Benchmark	Metric	Baseline	This Paper	Δ
DMC Humanoid Tasks	Average Return	Decreased performance (qualitative from Figure 2b)	Increased performance (qualitative from Figure 2b)	Positive scaling trend
Fourier Analysis Grid	Simplicity Score	Lower (Visual in Figure 2a)	Higher (Visual in Figure 2a)	Significant increase
DMC-Hard	Average Return	Not reported as exact number	See notes	+550 points (combined components)

Main Takeaways

SimBa enables effective scaling of RL agents: performance improves monotonically with parameter count (up to 17M), unlike standard MLPs which collapse.
The architecture promotes a 'Simplicity Bias' quantified by Fourier analysis, meaning it learns smoother functions that generalize better.
Improvements are consistent across different underlying algorithms (SAC, PPO, TD-MPC2, METRA), suggesting SimBa is a universal architectural improvement for RL.
Achieves SOTA performance on complex benchmarks (HumanoidBench, MyoSuite) purely through architectural change, without complex auxiliary losses.

📚 Prerequisite Knowledge

Prerequisites

Deep Reinforcement Learning (SAC, PPO)
Neural Network Architectures (Residual connections, LayerNorm)
Fourier Analysis (for function complexity)

Key Terms

Simplicity Bias: The tendency of a neural network to learn simpler (lower frequency) functions that generalize better, rather than overfitting to noise.

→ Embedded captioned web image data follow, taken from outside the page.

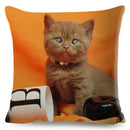 Cute Cat Print Fold Ear Pet Pillowcase for Cozy Home Decor by Ljojo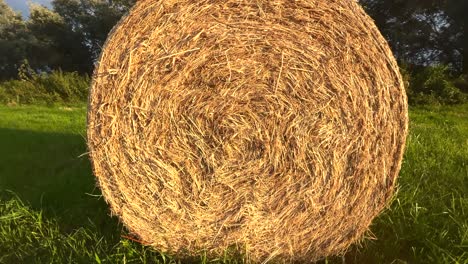 a rolled hay bale in a field in normandy at golden hour.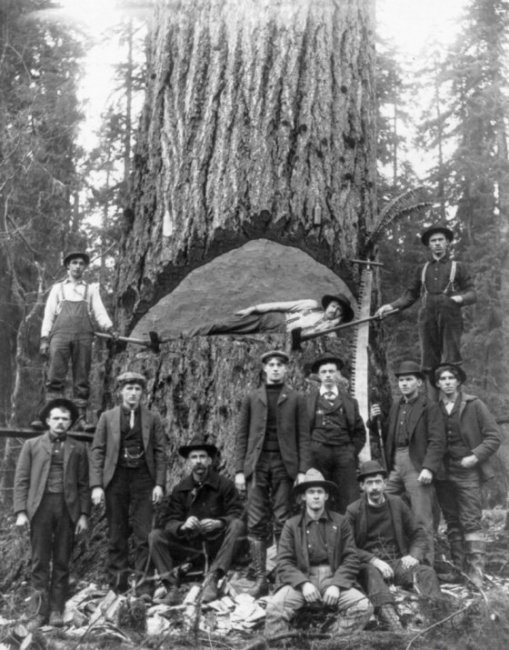 Американские лесорубы конца XIX - начала XX века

SAC: Soft Actor-Critic—an off-policy actor-critic deep RL algorithm based on the maximum entropy reinforcement learning framework.

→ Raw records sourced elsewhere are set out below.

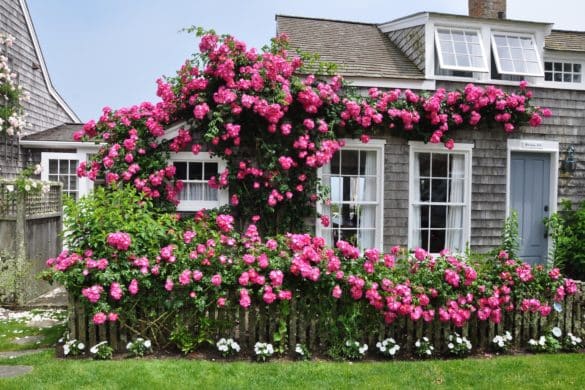 Nantucket Rose Cottage Sconset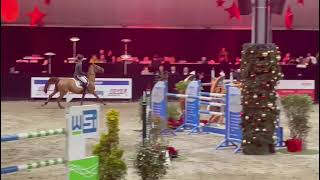 Inaico VDL (Indoctro x Baloubet du Rouet) with Alex Gill was clear in his 1.45m debut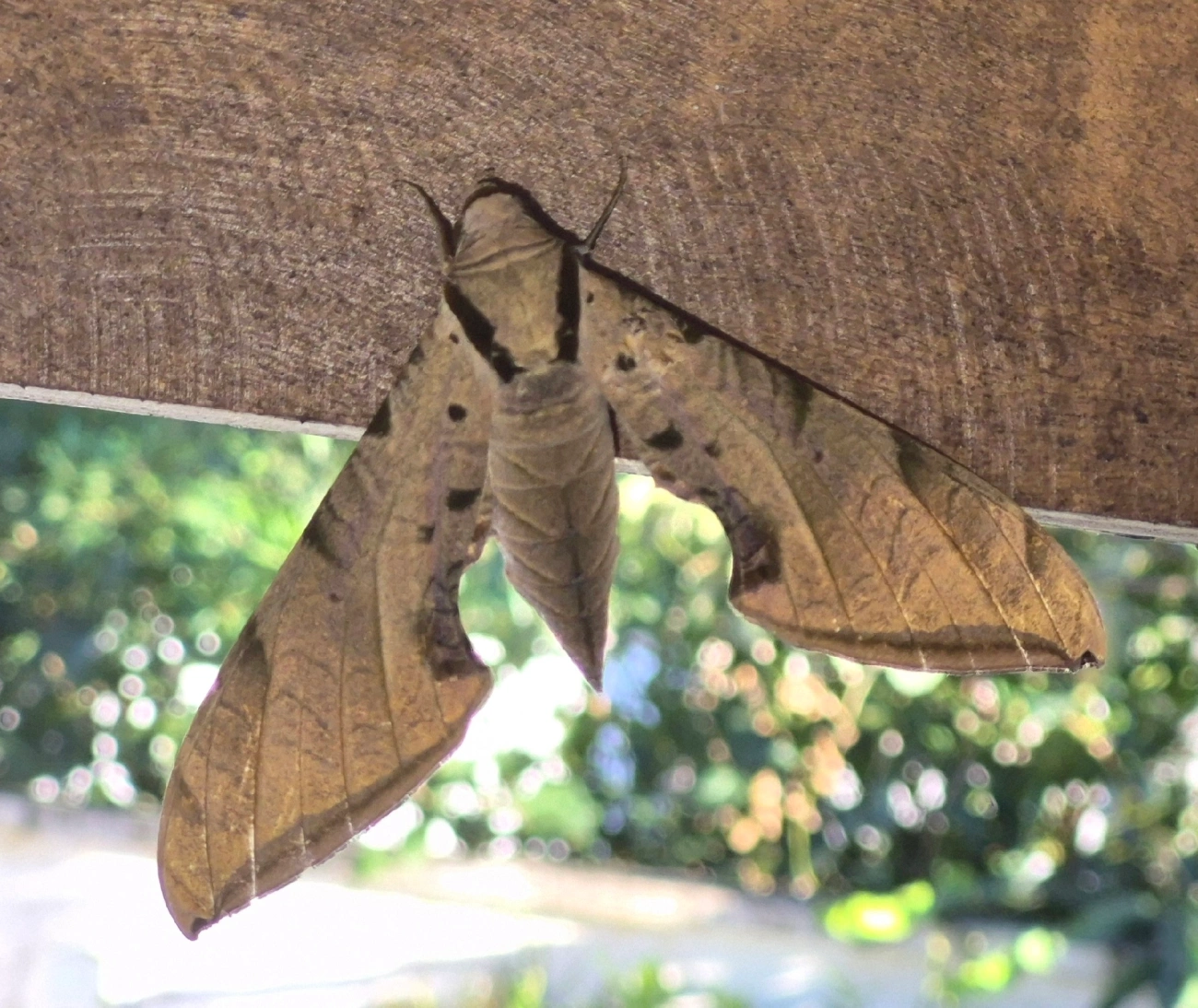 Lagarta-das-Folhas (Protambulyx strigilis), insetos, fotografado em Maresias, São Sebastião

MLP: Multilayer Perceptron—a standard feedforward neural network consisting of fully connected layers.

Fourier Analysis: A mathematical method used here to decompose the network's function into frequencies; high frequencies indicate complexity/overfitting, low frequencies indicate simplicity.

DMC: DeepMind Control Suite—a widely used benchmark for continuous control physics tasks.

PPO: Proximal Policy Optimization—an on-policy policy gradient algorithm.

TD-MPC2: Temporal Difference Model Predictive Control 2—a model-based RL algorithm.

Residual Connection: A skip connection that adds the input of a layer to its output, facilitating gradient flow and allowing the network to learn identity functions easily.